Abstract:
Datagram Transport Layer Security (DTLS) is a cryptographic protocol that provides secure communication over unreliable connections such as UDP. DTLS is an adaption of Transport Layer Security (TLS), designed to run on top of reliable connections such as TCP. UDP is popular amongst streaming and Internet of Things technologies, whose popularity has been increasing. DTLS and TLS security has been challenged in recent decades, leading to the discovery of many attacks[35]. We also learned from the discovery of Heartbleed[14] that implementation flaws can cause major security issues. Reducing the risk of implementation flaws is achieved by testing. Protocol state fuzzing has been successful in testing TLS [34, 37] and DTLS[15, 13]. This testing technique uses model learning to approximate the state machine protocol implementations implicitly follow. These state machines are analyzed for deviations from protocol specifications.

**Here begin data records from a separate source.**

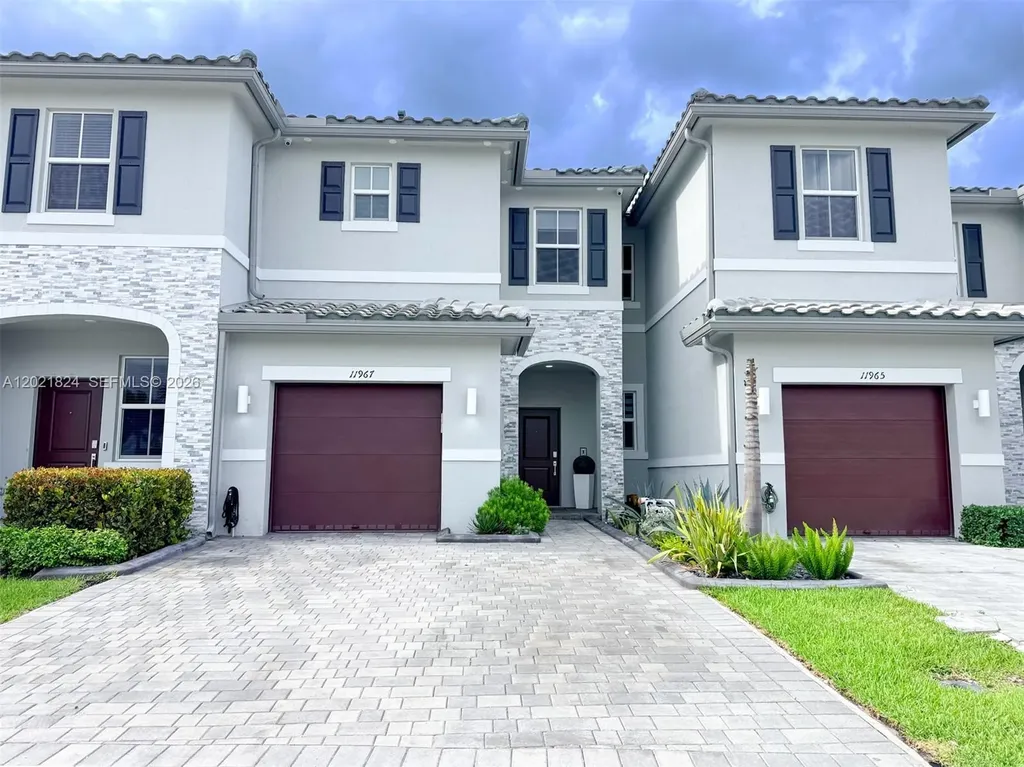 11967 NW 46th Street Coral Springs FL 33076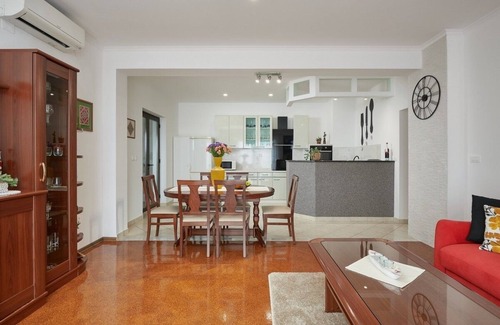Popovici Apartment | Three bedroom apartment with balcony and sea view Uskoplje, Dubrovnik (A-23452-a)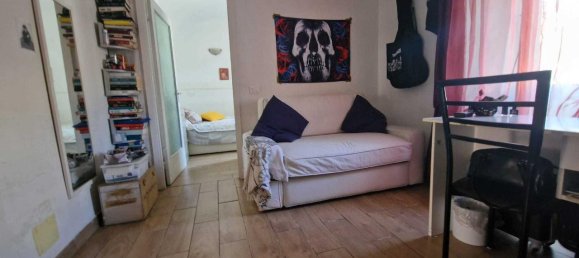 3 rooms House in La Spezia, Italy No. 9432 5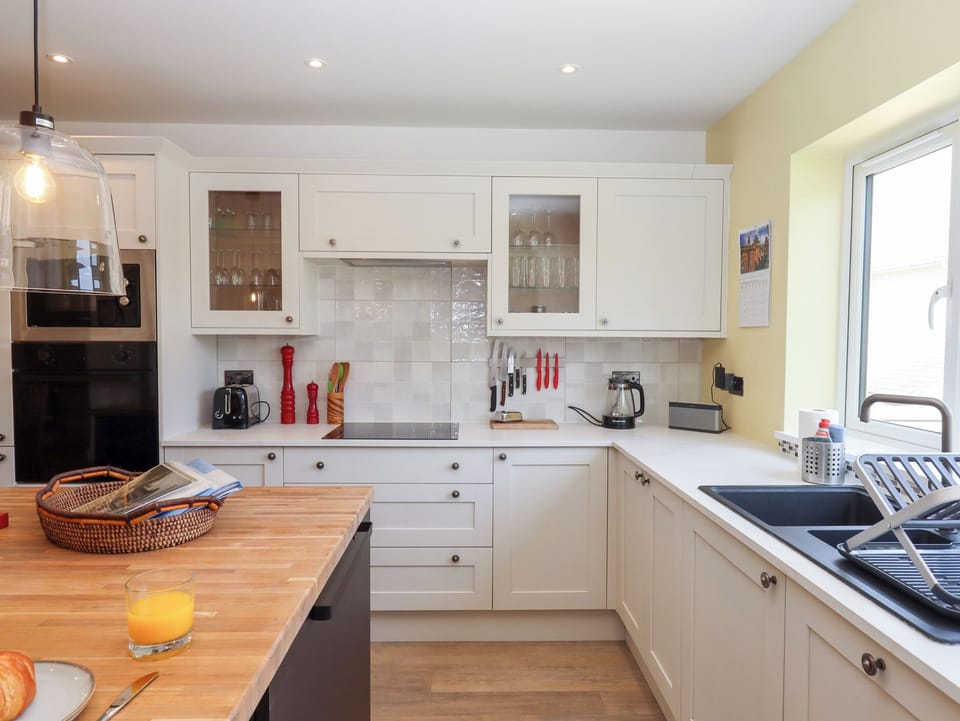 Dishwasher, cookware/dishes/utensils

In this thesis, we apply protocol state fuzzing to DTLS implementations and analyze the resulting state machines for security flaws or non-conformance issues. We conduct our research using TLS-StateVulnFinder, a protocol state fuzzing framework from the tls-attacker software family. We extend TLS-StateVulnFinder with DTLS support using TLS-Attacker’s implementation of DTLS and integrate TLS-Docker-Library into TLS-StateVulnFinder, simplifying server access. We obtain state machines for four DTLS implementations, OpenSSL, MbedTLS, LibreSSL, and WolfSSL. Our work reveals that applying protocol state fuzzing comes with several challenges. One of the main challenges is that state machines of DTLS implementations get quite large, making an automated analysis necessary. Our analysis reveals several non-conformance issues, but we do not identify any major security flaws. We find that MbedTLS shows flaws in validating the sequence numbers, while OpenSSL, WolfSSL and LibreSSL, we find non-conforming responses to certain messages.